Records provided
______
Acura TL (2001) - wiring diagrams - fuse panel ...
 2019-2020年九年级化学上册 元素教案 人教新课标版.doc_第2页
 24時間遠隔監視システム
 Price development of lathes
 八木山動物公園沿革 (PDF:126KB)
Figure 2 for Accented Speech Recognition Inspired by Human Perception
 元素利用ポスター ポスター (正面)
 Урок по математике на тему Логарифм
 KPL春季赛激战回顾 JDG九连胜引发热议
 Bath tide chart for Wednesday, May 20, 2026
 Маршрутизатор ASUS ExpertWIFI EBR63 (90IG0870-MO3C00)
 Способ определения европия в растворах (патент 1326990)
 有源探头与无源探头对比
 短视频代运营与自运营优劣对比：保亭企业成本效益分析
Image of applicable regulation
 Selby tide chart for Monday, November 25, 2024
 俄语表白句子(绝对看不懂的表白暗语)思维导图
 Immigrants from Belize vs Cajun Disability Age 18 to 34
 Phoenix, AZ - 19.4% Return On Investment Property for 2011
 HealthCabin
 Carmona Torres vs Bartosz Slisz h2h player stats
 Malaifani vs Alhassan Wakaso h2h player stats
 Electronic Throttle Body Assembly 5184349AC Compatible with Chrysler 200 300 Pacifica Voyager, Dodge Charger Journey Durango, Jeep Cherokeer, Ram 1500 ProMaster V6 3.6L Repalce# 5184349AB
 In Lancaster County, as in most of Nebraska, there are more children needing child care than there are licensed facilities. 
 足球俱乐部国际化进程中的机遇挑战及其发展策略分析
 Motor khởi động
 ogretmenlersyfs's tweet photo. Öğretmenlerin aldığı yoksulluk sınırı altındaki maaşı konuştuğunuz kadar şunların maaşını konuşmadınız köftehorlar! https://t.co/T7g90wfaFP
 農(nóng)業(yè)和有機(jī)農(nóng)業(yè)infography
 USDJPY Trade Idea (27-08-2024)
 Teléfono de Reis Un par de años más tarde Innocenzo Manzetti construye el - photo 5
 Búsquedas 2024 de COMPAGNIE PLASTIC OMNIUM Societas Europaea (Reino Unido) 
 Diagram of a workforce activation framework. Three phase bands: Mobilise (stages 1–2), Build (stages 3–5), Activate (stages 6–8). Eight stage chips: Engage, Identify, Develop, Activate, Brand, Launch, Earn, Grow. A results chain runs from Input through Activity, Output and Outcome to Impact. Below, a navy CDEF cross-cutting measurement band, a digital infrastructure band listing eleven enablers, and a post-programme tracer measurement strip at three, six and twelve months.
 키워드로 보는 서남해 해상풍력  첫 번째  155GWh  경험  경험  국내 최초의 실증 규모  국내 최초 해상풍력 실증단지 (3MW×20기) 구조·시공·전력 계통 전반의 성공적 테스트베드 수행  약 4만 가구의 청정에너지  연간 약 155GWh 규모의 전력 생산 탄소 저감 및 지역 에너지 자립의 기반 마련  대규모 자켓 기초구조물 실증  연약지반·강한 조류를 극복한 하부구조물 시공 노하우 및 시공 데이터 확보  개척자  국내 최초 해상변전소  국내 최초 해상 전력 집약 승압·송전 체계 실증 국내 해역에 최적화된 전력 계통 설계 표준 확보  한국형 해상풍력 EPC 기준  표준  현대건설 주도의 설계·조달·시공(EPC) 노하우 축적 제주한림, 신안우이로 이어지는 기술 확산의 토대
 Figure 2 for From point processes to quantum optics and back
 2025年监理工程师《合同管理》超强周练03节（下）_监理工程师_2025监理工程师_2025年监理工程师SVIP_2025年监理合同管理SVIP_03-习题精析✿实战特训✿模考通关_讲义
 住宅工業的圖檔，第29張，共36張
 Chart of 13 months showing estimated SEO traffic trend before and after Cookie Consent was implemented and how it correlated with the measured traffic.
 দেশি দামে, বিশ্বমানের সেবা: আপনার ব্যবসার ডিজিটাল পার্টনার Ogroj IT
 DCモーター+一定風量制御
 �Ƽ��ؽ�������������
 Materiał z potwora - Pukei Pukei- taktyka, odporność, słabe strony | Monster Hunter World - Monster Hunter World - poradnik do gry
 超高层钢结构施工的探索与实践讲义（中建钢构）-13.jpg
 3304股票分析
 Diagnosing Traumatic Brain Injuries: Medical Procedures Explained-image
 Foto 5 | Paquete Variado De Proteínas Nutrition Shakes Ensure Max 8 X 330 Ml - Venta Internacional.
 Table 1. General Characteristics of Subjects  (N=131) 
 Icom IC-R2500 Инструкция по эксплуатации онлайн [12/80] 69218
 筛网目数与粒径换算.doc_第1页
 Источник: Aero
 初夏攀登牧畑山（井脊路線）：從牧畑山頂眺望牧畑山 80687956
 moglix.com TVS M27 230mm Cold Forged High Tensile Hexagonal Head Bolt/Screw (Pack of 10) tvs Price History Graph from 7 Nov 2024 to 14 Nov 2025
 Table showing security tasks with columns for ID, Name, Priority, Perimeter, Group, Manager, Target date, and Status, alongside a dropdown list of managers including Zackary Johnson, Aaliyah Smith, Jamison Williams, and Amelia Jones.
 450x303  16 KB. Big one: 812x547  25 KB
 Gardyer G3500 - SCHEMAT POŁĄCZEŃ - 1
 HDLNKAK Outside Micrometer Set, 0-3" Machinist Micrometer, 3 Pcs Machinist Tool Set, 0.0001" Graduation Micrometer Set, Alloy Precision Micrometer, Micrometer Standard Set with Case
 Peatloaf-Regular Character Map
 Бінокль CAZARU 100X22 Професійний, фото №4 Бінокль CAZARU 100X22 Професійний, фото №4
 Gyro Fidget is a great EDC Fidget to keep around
______
Assignment
Restate word for word the entries above, starting at the line with "Phoenix, AZ - 19.4%" and ending at the line with "超高层钢结构施工的探索与实践讲义（中建钢构）-13.jpg", inclusive, and no others.

Result
 Phoenix, AZ - 19.4% Return On Investment Property for 2011
 HealthCabin
 Carmona Torres vs Bartosz Slisz h2h player stats
 Malaifani vs Alhassan Wakaso h2h player stats
 Electronic Throttle Body Assembly 5184349AC Compatible with Chrysler 200 300 Pacifica Voyager, Dodge Charger Journey Durango, Jeep Cherokeer, Ram 1500 ProMaster V6 3.6L Repalce# 5184349AB
 In Lancaster County, as in most of Nebraska, there are more children needing child care than there are licensed facilities. 
 足球俱乐部国际化进程中的机遇挑战及其发展策略分析
 Motor khởi động
 ogretmenlersyfs's tweet photo. Öğretmenlerin aldığı yoksulluk sınırı altındaki maaşı konuştuğunuz kadar şunların maaşını konuşmadınız köftehorlar! https://t.co/T7g90wfaFP
 農(nóng)業(yè)和有機(jī)農(nóng)業(yè)infography
 USDJPY Trade Idea (27-08-2024)
 Teléfono de Reis Un par de años más tarde Innocenzo Manzetti construye el - photo 5
 Búsquedas 2024 de COMPAGNIE PLASTIC OMNIUM Societas Europaea (Reino Unido) 
 Diagram of a workforce activation framework. Three phase bands: Mobilise (stages 1–2), Build (stages 3–5), Activate (stages 6–8). Eight stage chips: Engage, Identify, Develop, Activate, Brand, Launch, Earn, Grow. A results chain runs from Input through Activity, Output and Outcome to Impact. Below, a navy CDEF cross-cutting measurement band, a digital infrastructure band listing eleven enablers, and a post-programme tracer measurement strip at three, six and twelve months.
 키워드로 보는 서남해 해상풍력  첫 번째  155GWh  경험  경험  국내 최초의 실증 규모  국내 최초 해상풍력 실증단지 (3MW×20기) 구조·시공·전력 계통 전반의 성공적 테스트베드 수행  약 4만 가구의 청정에너지  연간 약 155GWh 규모의 전력 생산 탄소 저감 및 지역 에너지 자립의 기반 마련  대규모 자켓 기초구조물 실증  연약지반·강한 조류를 극복한 하부구조물 시공 노하우 및 시공 데이터 확보  개척자  국내 최초 해상변전소  국내 최초 해상 전력 집약 승압·송전 체계 실증 국내 해역에 최적화된 전력 계통 설계 표준 확보  한국형 해상풍력 EPC 기준  표준  현대건설 주도의 설계·조달·시공(EPC) 노하우 축적 제주한림, 신안우이로 이어지는 기술 확산의 토대
 Figure 2 for From point processes to quantum optics and back
 2025年监理工程师《合同管理》超强周练03节（下）_监理工程师_2025监理工程师_2025年监理工程师SVIP_2025年监理合同管理SVIP_03-习题精析✿实战特训✿模考通关_讲义
 住宅工業的圖檔，第29張，共36張
 Chart of 13 months showing estimated SEO traffic trend before and after Cookie Consent was implemented and how it correlated with the measured traffic.
 দেশি দামে, বিশ্বমানের সেবা: আপনার ব্যবসার ডিজিটাল পার্টনার Ogroj IT
 DCモーター+一定風量制御
 �Ƽ��ؽ�������������
 Materiał z potwora - Pukei Pukei- taktyka, odporność, słabe strony | Monster Hunter World - Monster Hunter World - poradnik do gry
 超高层钢结构施工的探索与实践讲义（中建钢构）-13.jpg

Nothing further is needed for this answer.